Recall that you are evaluated on writing and communication in these Mini-Projects. You are required write a report in the prescribed style, culminating in a set of press releases highlighting the success of recent Netflix original releases. A submission that performs the instructor-specified tasks, but does not write and give appropriate context and commentary will score very poorly on the relevant rubric elements.

In particular, if a submission does not include “press releases” and only answers the instructor prompts in narrative text, peer evaluators should judge it to have “Good” quality Written Communication (at best) as key findings are not conveyed appropriately.

Quarto’s code folding functionality is useful for “hiding” code so that it doesn’t break the flow of your writing.

You can also make use of Quarto’s contents shortcode to present code and findings in an order other than how the code should be executed. This is particularly useful if you want to include a figure or table in an “Executive Summary” at the top of your submission.

Acquire Data

For this project, we will deal with two separate data files, taken from Netflix’s TuDum Top 10. These are:

Global Top 10
Country-wide Top 10

The following code will download the Netflix data and create TSV³ files in a data/mp01 directory. If this doesn’t work for whatever reason, you can download the data directly from Netflix, though you will need to make sure you are getting the right files and storing them in a location and format suitable for this mini-project.

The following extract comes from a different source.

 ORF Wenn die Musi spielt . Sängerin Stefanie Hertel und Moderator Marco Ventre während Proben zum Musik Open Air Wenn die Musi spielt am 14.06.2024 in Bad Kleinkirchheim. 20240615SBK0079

if(!dir.exists(file.path("data", "mp01"))){
    dir.create(file.path("data", "mp01"), showWarnings=FALSE, recursive=TRUE)
}

GLOBAL_TOP_10_FILENAME <- file.path("data", "mp01", "global_top10_alltime.csv")

if(!file.exists(GLOBAL_TOP_10_FILENAME)){
    download.file("https://www.netflix.com/tudum/top10/data/all-weeks-global.tsv", 
                  destfile=GLOBAL_TOP_10_FILENAME)
}

COUNTRY_TOP_10_FILENAME <- file.path("data", "mp01", "country_top10_alltime.csv")

if(!file.exists(COUNTRY_TOP_10_FILENAME)){
    download.file("https://www.netflix.com/tudum/top10/data/all-weeks-countries.tsv", 
                  destfile=COUNTRY_TOP_10_FILENAME)
}

You do not (yet) need to understand the code above, so please use the course discussion board if you have trouble getting it working.

Task 1: Data Acquisition

Using the code above, acquire the latest Netflix Top 10 Data. Copy the code into your Quarto document and make sure it runs successfully.

Do Not git add Data Files

Make sure that git is set to ignore data files, such as the one created above. Check the git pane in RStudio and make sure that nyc_payroll_export.csv does not appear. (If you set up your .gitignore file correctly in MP#00, it should already be ignored.) If it is appearing, you may need to edit your .gitignore file.

Removing a large data file from git is possible, but difficult. Don’t get into a bad state!

Data Import and Preparation

Before we can analyze this data, we need to get it into R and in a suitable format. The read_tsv function from the readr package can be used to read tsv files into R (imagine that!). This data comes to use quite well-formated, so we will need to only make one small alteration.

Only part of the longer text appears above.